Your choice of mode depends primarily on the number of groupings in the input data set, taking into account the amount of memory available. You typically use hash mode for a relatively small number of groups; generally, fewer than about 1000 groups per megabyte of memory to be used.

When using hash mode, you should hash partition the input data set by one or more of the grouping key columns so that all the records in the same group are in the same partition. However, hash partitioning is not mandatory, you can use any partitioning method you choose if keeping groups together in a single partition is not important. For example, if you're summing records in each partition and later you'll add the sums across all partitions, you don't need all records in a group to be in the same partition to do this. Note, though, that there will be multiple output records for each group.

If the number of groups is large, which can happen if you specify many grouping keys, or if some grouping keys can take on many values, you would normally use sort mode. However, sort mode requires the input data set to have been partition sorted with all of the grouping keys specified as hashing and sorting keys (this happens automatically if auto is set in the Partitioning tab). Sorting requires a pregrouping operation: after sorting, all records in a given group in the same partition are consecutive.

The method property is set to hash by default.

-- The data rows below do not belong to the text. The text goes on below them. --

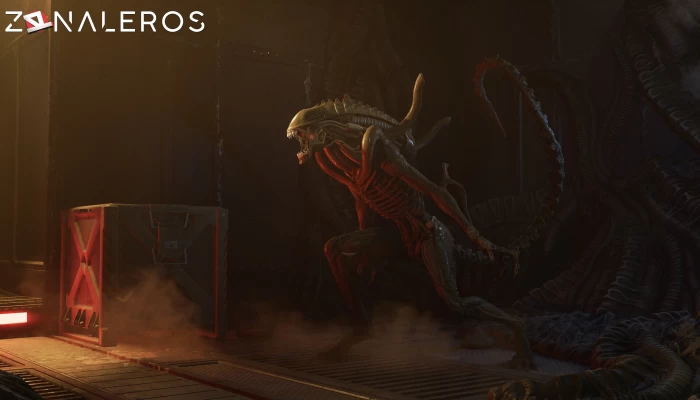 Alien Rogue Incursion Evolved Edition por mega
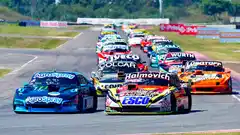 Tras 40 días, vuelve el TC: el historial de San Nicolás y el favoritismo de Werner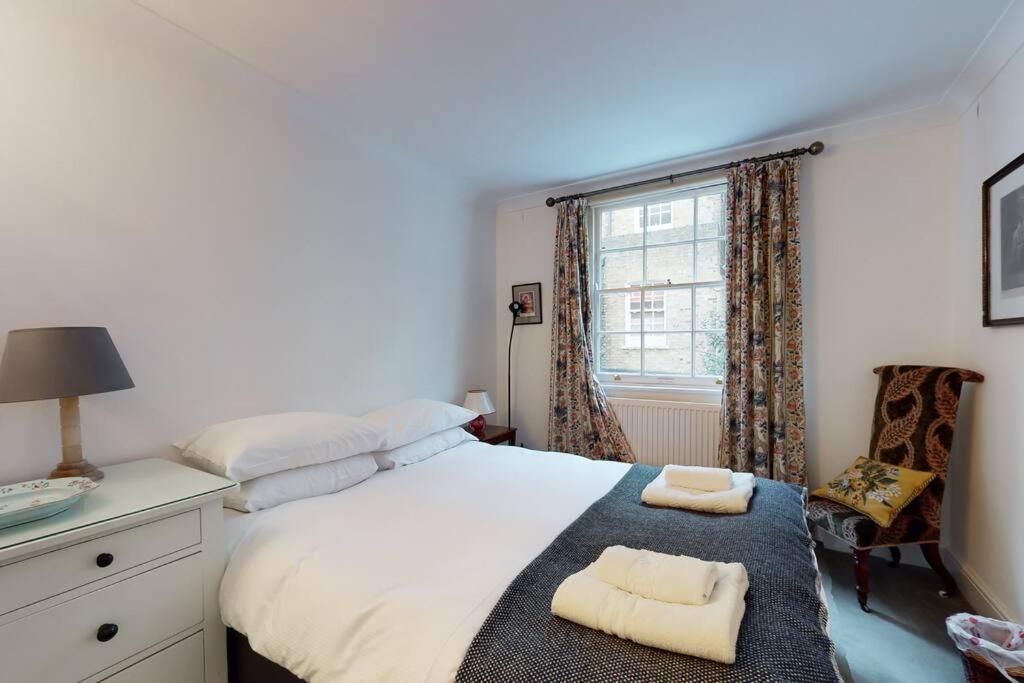 Lovely 1 Bedroom Flat In Pimlico Appartement Londres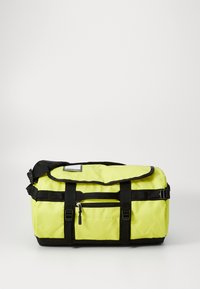Unselected, sulphur spring green/black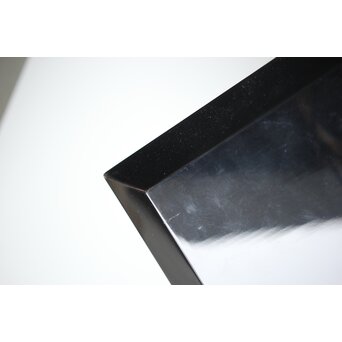 研出蒔絵 四方香盆　Q297 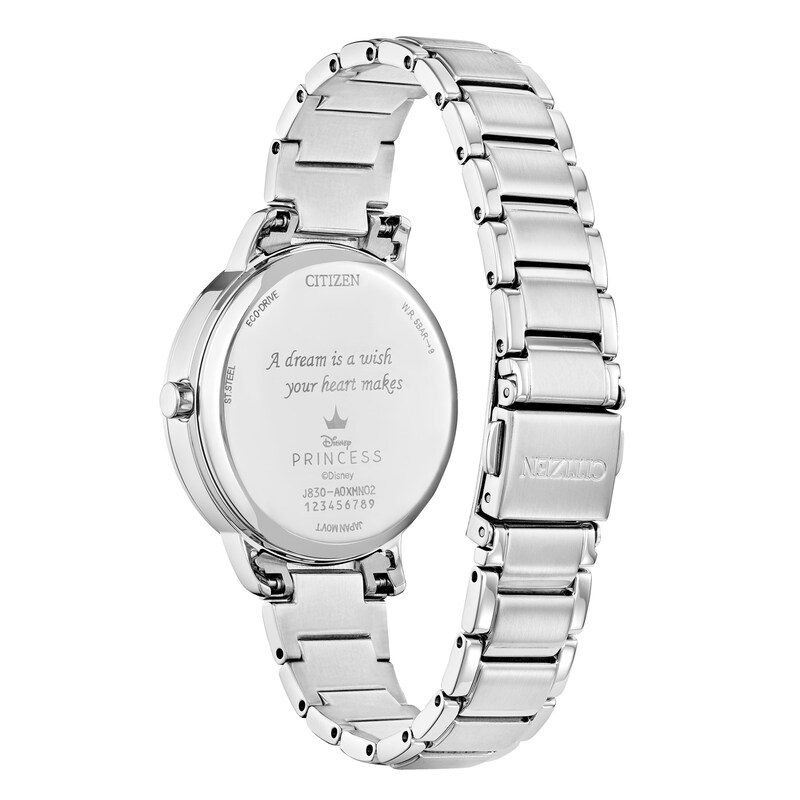 Main Image 3 of Citizen Cinderella Women's Watch FE7041-51W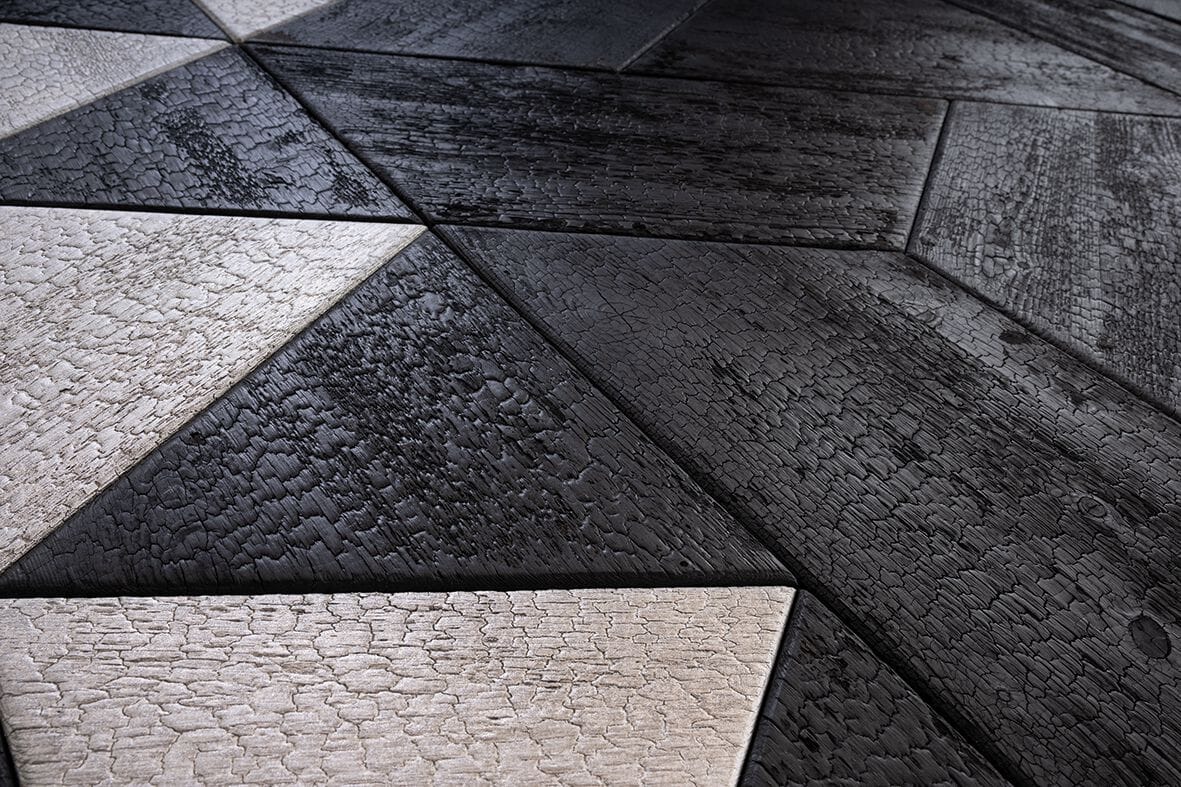 Внутренняя отделка лиственницей Sapiens ARDES ARCH-00136046 - Вид №12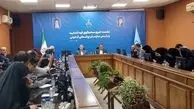 رئیس سازمان پزشکی قانونی: در جنگ ۱۲ روزه پیکر ۱۲۰۰ شهید را در ۱۷ استان معاینه کردیم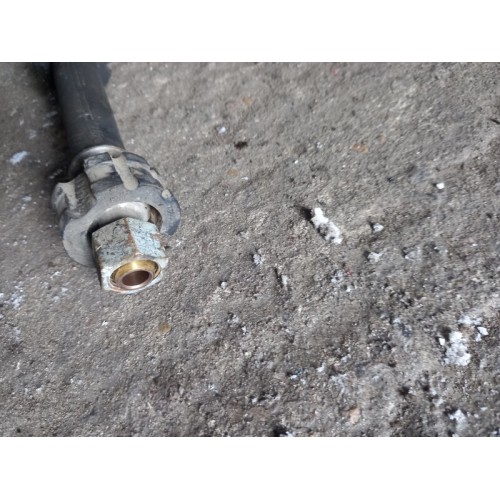 Шланг тормозной Scania P340 626321 (720), -2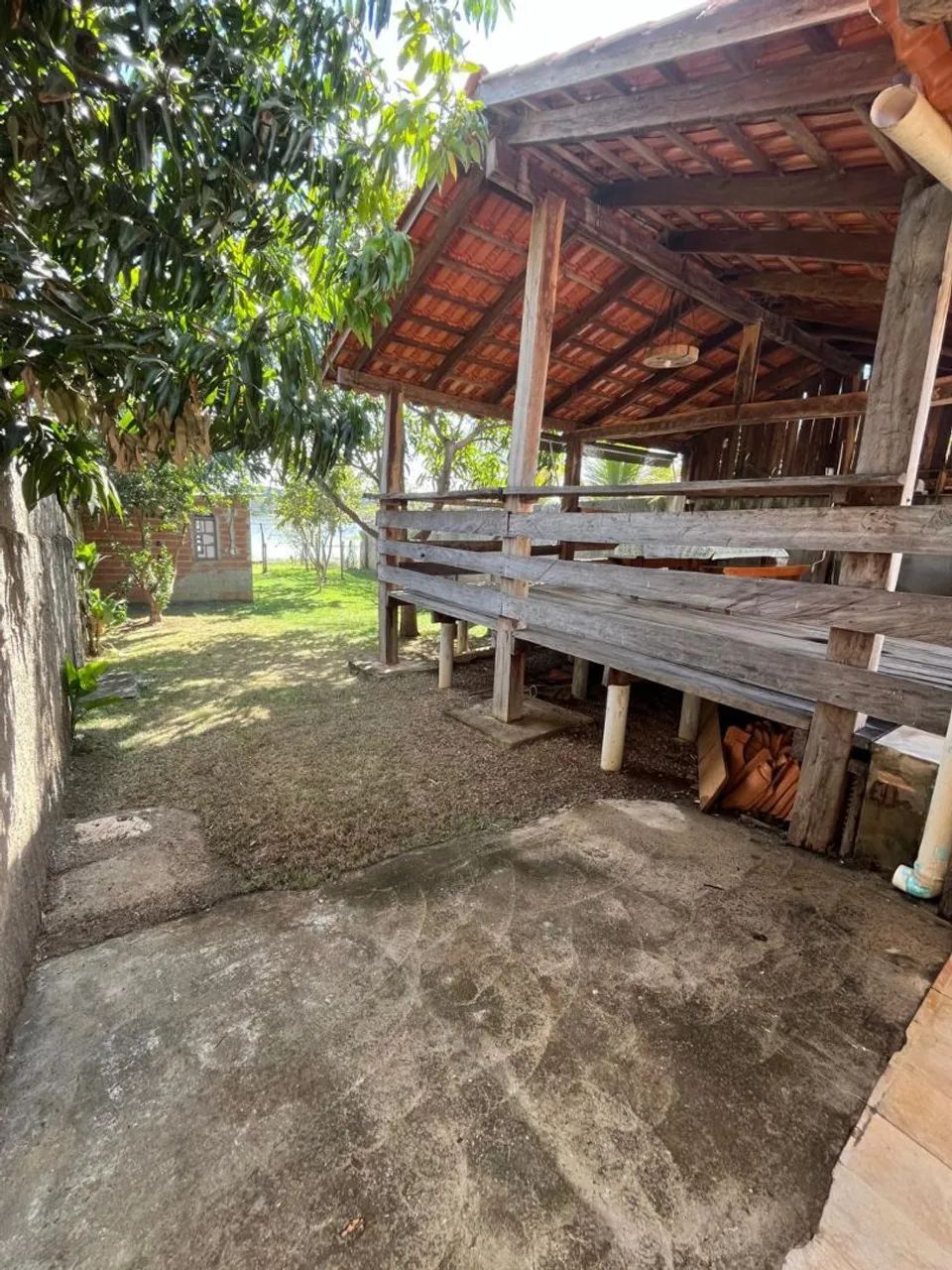 Vende se um rancho no rochedo  - Foto 3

You might want to try both modes with your particular data and application to determine which gives the better performance. You might find that when calculating statistics on large numbers of groups, sort mode performs better than hash mode, assuming the input data set can be efficiently sorted before it is passed to group.

Allow null outputs
Set this to True to indicate that null is a valid output value when calculating minimum value, maximum value, mean value, standard deviation, standard error, sum, sum of weights, and variance. If False, the null value will have 0 substituted when all input values for the calculation column are null. It is False by default.

Advanced

Specify the following advanced properties:
  • Execution Mode. The stage can execute in parallel mode or sequential mode. In parallel mode the input data set is processed by the available nodes as specified in the Configuration file, and by any node constraints specified in the Advanced section. In Sequential mode the entire data set is processed by the conductor node.
  • Combinability mode. This is Auto by default, which allows IBM DataStage to combine the operators that underlie parallel stages so that they run in the same process if it is sensible for this type of stage.
  • Preserve partitioning. This is Set by default. You can select Set or Clear. If you select Set the stage will request that the next stage in the job attempt to maintain the partitioning.